最も極端な話から始めてみよう。まず、世界は答えを見せてくれる場合がある。お風呂を沸かしているとする。もう火を止めるべきか、水で埋めるべきか、もっと沸かし続けるべきか、判断をしなければならない。この時、沸かし始めの水温、火力、風呂の容積、沸かしている時間から計算して決める人はいない。ふつうは手をお湯に入れて水温を確かめて、前の行為の中の何をすべきかを選択するだろう。つまり、やるべきことを世界が見せてくれる。
サブサンプション・アーキテクチャ
このような観点をダイレクトに取り込んだのが、ブルックスというロボット科学者である。コンピュータと結びついた視覚センサーからの情報を計算して世界の地図を作りつつ、自分の位置関係を推測して動くという形で設計されたロボットは、日常生活空間の中ではほとんど役に立たない。これに業を煮やしたブルックス( 80) は、頭の中の地図なしで、その場その場の物理的刺激によってリアクティブに運動を生成するモジュール(層)をいくつか重ねるという方法を考案した(これはサブサンプション・アーキテクチャと呼ばれている)。この設計方法によって、それまでのロボットでは不可能だった適応的な動きが、実時空間の中でできるロボットが生み出されることになった。これにはいろいろな批判もあるのだが、世界から得られる情報をガイドに、体を動かすことの重要性が広く認識されることになった。
演繹推論における図の効果
演繹推論(PならばQ)も、きちんと理解させようとすると難しいのだが、図にしてみれば一目瞭然である。
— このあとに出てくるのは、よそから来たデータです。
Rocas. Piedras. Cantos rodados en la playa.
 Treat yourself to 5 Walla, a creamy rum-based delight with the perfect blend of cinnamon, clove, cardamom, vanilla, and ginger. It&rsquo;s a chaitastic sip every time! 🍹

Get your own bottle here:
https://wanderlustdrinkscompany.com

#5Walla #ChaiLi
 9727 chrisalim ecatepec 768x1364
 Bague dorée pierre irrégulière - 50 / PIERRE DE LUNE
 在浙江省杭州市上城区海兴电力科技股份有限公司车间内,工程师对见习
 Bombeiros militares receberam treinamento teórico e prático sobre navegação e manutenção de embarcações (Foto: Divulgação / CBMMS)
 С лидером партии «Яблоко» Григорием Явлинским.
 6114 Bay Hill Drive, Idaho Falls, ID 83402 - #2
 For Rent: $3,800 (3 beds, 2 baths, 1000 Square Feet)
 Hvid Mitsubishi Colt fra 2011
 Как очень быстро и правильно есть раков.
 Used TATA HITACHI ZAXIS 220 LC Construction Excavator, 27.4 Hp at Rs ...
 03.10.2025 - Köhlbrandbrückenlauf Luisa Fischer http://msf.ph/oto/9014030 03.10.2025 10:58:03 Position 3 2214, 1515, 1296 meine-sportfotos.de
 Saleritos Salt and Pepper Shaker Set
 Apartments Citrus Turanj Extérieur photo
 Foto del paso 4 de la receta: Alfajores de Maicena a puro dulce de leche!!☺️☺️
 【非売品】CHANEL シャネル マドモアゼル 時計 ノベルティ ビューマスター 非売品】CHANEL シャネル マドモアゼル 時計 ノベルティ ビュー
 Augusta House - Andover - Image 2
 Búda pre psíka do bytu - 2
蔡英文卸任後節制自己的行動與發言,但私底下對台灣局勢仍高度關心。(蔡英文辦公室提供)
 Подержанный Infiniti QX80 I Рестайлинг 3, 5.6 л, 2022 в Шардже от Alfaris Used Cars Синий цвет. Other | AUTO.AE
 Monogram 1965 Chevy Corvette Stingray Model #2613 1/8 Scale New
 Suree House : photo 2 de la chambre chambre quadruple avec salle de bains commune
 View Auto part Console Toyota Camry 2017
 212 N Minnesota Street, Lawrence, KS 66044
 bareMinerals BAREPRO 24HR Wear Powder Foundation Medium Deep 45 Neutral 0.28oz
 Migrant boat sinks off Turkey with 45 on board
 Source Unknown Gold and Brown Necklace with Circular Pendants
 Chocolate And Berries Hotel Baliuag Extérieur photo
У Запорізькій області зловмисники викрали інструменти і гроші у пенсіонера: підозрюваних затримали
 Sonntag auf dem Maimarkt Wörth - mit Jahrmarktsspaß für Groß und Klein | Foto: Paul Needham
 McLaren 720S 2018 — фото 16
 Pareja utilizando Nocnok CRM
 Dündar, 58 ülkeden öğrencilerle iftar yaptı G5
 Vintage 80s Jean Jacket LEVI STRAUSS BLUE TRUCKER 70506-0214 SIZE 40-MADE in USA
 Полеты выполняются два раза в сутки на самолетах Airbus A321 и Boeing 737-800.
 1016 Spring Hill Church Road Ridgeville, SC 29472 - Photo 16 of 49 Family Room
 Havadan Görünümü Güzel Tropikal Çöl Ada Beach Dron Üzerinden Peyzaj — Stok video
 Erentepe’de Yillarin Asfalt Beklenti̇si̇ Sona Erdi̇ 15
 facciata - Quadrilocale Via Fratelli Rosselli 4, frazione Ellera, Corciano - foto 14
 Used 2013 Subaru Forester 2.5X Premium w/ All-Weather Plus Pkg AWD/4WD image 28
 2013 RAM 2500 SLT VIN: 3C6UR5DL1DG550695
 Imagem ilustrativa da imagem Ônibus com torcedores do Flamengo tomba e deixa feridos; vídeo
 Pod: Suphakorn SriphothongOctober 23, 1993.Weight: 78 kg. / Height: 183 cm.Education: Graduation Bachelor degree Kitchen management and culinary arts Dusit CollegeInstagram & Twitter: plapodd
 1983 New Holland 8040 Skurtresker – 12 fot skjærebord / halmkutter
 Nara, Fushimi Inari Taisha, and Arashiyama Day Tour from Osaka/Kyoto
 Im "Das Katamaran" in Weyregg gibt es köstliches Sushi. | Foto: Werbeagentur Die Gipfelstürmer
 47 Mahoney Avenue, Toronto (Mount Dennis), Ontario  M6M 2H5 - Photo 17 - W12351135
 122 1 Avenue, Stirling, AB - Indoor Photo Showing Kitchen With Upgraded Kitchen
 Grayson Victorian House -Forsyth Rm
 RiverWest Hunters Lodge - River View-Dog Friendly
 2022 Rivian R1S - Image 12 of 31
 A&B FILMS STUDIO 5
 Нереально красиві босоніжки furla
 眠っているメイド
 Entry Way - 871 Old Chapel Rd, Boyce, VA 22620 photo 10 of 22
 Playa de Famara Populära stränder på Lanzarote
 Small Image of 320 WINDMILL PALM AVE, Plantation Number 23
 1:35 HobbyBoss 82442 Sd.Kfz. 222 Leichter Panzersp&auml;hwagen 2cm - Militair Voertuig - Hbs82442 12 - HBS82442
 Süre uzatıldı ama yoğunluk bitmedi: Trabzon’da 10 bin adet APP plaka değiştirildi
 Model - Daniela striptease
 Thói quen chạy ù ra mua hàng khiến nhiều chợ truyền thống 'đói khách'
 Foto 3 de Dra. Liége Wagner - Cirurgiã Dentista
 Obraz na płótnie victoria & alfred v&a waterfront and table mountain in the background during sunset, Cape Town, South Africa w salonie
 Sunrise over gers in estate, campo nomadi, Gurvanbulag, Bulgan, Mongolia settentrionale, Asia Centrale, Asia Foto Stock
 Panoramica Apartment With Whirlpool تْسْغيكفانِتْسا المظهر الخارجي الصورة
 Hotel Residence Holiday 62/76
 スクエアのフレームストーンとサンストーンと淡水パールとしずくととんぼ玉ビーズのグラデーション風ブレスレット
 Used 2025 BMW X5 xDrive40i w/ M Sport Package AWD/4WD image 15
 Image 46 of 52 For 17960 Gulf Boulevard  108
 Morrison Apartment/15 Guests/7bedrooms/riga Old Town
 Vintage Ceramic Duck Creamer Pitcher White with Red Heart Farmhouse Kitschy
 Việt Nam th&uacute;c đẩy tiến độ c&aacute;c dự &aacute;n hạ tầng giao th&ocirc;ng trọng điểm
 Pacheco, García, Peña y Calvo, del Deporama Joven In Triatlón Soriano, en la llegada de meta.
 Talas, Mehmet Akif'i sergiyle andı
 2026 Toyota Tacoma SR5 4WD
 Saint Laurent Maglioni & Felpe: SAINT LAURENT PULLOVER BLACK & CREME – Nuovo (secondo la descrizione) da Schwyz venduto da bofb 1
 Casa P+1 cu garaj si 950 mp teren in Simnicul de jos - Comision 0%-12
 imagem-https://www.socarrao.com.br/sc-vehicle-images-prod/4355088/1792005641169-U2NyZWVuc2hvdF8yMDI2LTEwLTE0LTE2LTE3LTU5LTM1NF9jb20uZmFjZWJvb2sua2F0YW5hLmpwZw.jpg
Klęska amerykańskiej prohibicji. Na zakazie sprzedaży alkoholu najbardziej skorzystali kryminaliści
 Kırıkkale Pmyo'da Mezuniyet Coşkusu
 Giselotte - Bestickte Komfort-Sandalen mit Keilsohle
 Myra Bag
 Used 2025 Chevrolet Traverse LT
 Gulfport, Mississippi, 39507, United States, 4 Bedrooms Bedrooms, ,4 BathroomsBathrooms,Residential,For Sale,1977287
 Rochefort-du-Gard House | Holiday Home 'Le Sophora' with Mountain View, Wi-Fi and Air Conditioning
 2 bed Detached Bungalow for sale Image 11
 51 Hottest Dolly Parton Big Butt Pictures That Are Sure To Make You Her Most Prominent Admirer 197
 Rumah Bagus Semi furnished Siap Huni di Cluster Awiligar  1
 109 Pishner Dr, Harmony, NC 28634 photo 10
Qを表す円を描き、その中にPを表す円を描く( 図7-1)。これが「PならばQ」を示している。これを見れば、Pの中に含まれるもの(★)は必然的にQに含まれていることがわかる(前件肯定式)。そして、Qでないもの、つまりQの円の外側にあるもの(▲)は絶対にPにならないことも、見ただけで考えずにわかってしまう。さらに、逆もまた真(QならばP)ということがなぜ成り立たないことがあるのかも、前件の否定(Pでない)が後件の否定(Qでない)につながらないことも、この 図7-1 一つで全部わかる。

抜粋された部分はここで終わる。